En revanche, les odeurs corporelles provenant de la transpiration et de la peau résultent principalement de l'activité microbienne. Les bactéries cutanées décomposent les acides gras et les peptides, produisant des sulfures, des acides gras volatils, des indoles et d'autres composés odorants. Cependant, ces odeurs sont souvent libérées plus lentement et sont partiellement absorbées par les vêtements ou dispersées dans l'environnement. Dans les zones boisées ou les sous-bois denses, les COV émis par la peau ont tendance à rester localisés ou à être filtrés par la végétation, tandis que l'air expiré monte et peut se déposer sur les feuilles des arbres ou sur le sol humide. En bref, c'est votre haleine que le gibier est le plus susceptible de détecter.

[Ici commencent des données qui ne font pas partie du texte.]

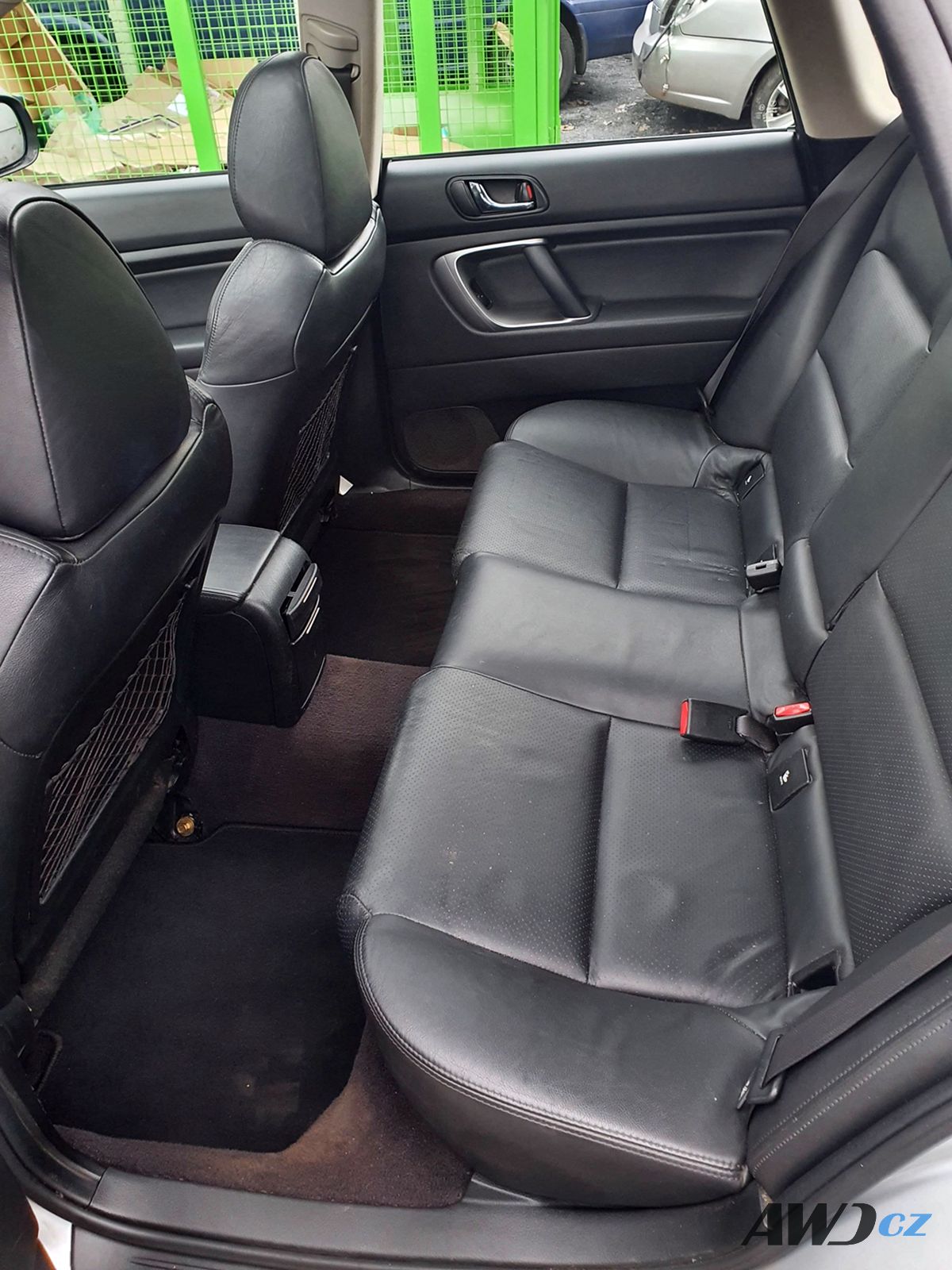 SUBARU Legacy kombi 2,0 R Comfort AT MY2006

Des études sur la détection des odeurs, notamment chez les chiens, le confirment. Des revues scientifiques ont identifié au moins 874 COV distincts dans l'haleine de personnes en bonne santé, dont plus de 1 849 ont été documentés dans l'haleine, la sueur, la salive et l'urine 1 . L'haleine, en particulier, est un instantané chimique de la physiologie interne. Ces composés pénètrent facilement dans l'atmosphère grâce à leur faible point d'ébullition. Par ailleurs, les odeurs émises par la peau sont souvent moins volatiles, sauf en cas de transfert physique (par exemple, par contact avec les vêtements). La « règle des 80 % » souvent citée ne provient pas d'une seule étude évaluée par des pairs, mais elle correspond à l'expérience pratique : la plupart des informations olfactives captées par les animaux proviennent de vos poumons, et non de votre déodorant.
En termes de persistance, l'odeur humaine peut persister dans l'environnement pendant une période prolongée. Des traces d'odeur sur le sol ou l'herbe peuvent rester détectables pendant plusieurs heures, même si la personne est immobile. Avec le temps, les composés organiques volatils (COV) s'estompent ou se dispersent, mais le gibier et les chiens peuvent encore suivre des traces plus anciennes grâce aux résidus chimiques persistants sur la végétation. Les composés odorants sont retenus encore plus longtemps sur les vêtements ou les chaussures, restant détectables pendant des semaines, voire des mois. Dans la plupart des cas, cette odeur persistante provient de l'haleine, par condensation ou transfert indirect. Les chiens, par exemple, peuvent souvent détecter ces odeurs plus de 72 heures après leur apparition.